De ce point de vue, il ne mâche pas ses mots : « La police fine perdi direction. » Il explique que chaque fois qu’il y a un fait divers, nous entendons dire que le suspect est connu des services de la police. « Il faut que la police fasse un ‘monitoring’ de ces repris de justice, qui sont connus de la police. Or, dans plusieurs cas, les officiers de police ne connaissent même pas les ‘habitual criminals’. »

Ce dernier fait ressortir que la police « is being ruled by military officers ». « Si Commissaire la mem pas kone so travay, be ki pou arivé ? »

 

Les drôles de protocoles de la police

kanakia MatadinDurant sa conférence de presse de la semaine écoulée, juste après la mort de Manan Fakoo, le Commissaire de Police, Khemraj Servansing, avait été questionné sur le modus operandi de la police, notamment sa façon de diligenter les enquêtes.

Le CP avait fait comprendre que c’est un professionnel qui est à la tête des enquêtes, notamment le chef du CCID, le DCP Heman Jangi. La police agit selon des protocoles bien définis, et les enquêtes dans les affaires complexes ne constituent pas un travail facile. En outre, le CP avait dit qu’il n’y avait aucun ‘cover-up’.

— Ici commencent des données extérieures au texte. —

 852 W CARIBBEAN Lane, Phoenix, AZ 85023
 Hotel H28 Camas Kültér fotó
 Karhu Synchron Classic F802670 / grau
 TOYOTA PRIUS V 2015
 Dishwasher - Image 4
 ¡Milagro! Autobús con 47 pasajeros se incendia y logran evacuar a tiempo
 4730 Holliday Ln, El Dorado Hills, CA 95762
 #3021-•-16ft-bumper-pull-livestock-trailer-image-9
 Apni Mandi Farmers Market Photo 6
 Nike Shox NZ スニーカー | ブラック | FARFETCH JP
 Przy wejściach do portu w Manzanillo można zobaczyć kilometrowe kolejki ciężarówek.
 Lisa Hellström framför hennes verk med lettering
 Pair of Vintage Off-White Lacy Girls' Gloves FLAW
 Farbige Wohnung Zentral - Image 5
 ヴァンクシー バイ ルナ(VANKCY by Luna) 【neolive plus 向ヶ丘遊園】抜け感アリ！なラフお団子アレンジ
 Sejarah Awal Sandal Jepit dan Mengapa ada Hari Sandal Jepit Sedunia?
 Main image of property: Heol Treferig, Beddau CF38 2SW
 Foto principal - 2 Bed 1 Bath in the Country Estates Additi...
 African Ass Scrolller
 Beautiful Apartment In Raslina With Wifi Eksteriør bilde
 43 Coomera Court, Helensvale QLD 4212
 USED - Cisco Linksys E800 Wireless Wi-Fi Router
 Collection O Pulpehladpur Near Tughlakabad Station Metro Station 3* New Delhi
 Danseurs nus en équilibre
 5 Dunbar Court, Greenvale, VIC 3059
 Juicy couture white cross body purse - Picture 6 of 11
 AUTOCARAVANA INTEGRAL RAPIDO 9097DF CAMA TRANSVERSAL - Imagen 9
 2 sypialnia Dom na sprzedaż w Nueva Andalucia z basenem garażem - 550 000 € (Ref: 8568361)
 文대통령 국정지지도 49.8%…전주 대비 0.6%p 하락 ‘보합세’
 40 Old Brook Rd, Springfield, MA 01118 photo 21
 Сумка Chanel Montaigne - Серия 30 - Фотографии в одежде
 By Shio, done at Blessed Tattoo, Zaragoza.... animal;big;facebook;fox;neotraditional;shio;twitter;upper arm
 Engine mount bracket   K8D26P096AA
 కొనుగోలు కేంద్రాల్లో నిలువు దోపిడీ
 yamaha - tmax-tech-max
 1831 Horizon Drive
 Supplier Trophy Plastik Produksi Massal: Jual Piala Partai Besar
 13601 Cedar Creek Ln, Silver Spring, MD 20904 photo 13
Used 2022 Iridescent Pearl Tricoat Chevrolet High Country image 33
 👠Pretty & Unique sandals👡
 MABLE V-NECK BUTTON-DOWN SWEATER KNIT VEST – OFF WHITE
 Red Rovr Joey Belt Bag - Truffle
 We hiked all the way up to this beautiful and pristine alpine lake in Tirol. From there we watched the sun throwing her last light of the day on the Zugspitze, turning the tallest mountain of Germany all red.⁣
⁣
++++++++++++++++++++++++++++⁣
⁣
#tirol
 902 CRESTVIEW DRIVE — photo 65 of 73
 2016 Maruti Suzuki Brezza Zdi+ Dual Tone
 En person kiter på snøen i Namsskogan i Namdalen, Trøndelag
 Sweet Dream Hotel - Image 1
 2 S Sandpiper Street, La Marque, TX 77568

Mais quand nous voyons le traitement qu’a subi Reshmee Kanakiah, la veuve de Pravin Kanakiah (mort dans des circonstances douteuses à Gris-Gris), ainsi que le calvaire de Preetam Matadin, on est bien obligé de remettre tout cela en question. Selon Reshmee Kanakiah, elle s’était rendue au poste de police de Plaine-Magnien pour consigner une déposition pour demander une contre-autopsie du corps de son mari.

Au poste de police, elle avait eu affaire à un policier qui était en civil. Ce dernier criait sur la malheureuse. Selon ce policier, elle ne connaissait rien sur les protocoles policières pour procéder à une contre-autopsie. Toujours selon Reshmee Kanakiah, le policier devait lui demander de prendre place à bord d’un véhicule de la police avec un chauffeur et une ‘Woman Police Constable’ (WPC) pour aller vérifier le corps de son époux, qui se trouvait au domicile des Kanakiah.

Mais au lieu de la conduire à son domicile, le policier aurait dit à Reshmee Kanakiah qu’il avait des affaires personnelles à régler, et la fourgonnette avait pris une autre route. Ce qui a provoqué la colère de la jeune femme. Le policier devait même lui arracher son portable alors qu’elle recevait un appel de son avocat. Il aurait par la suite demandé au chauffeur de les conduire à Plein-Bois pour « faire un tour ». « Pe amen ou prend l’air pou ou kapav blier impé sa bane zafer la ! », devait-il expliquer à cette femme éberluée.

Le lundi 18 janvier, quatre policiers en civil avaient débarqué chez Preetam Matadin. Ce dernier était un ami proche de Soopramanien Kistnen, avec qui il travaillait.

Les policiers devaient demander à Preetam Matadin de les suivre aux Casernes centrales. Une fois sur place, ce dernier a été conduit dans une salle non équipée de caméras. Là-bas, il sera pressé de questions sur la mort de Kistnen. Preetam Matadin aurait même reçu plusieurs coups. Selon lui, la police essaierait de lui extorquer des aveux pour qu’il endosse le meurtre de Soopramanien Kistnen. Il a par la suite consigné une plainte à l’Independent Police Complaints Commission (IPCC).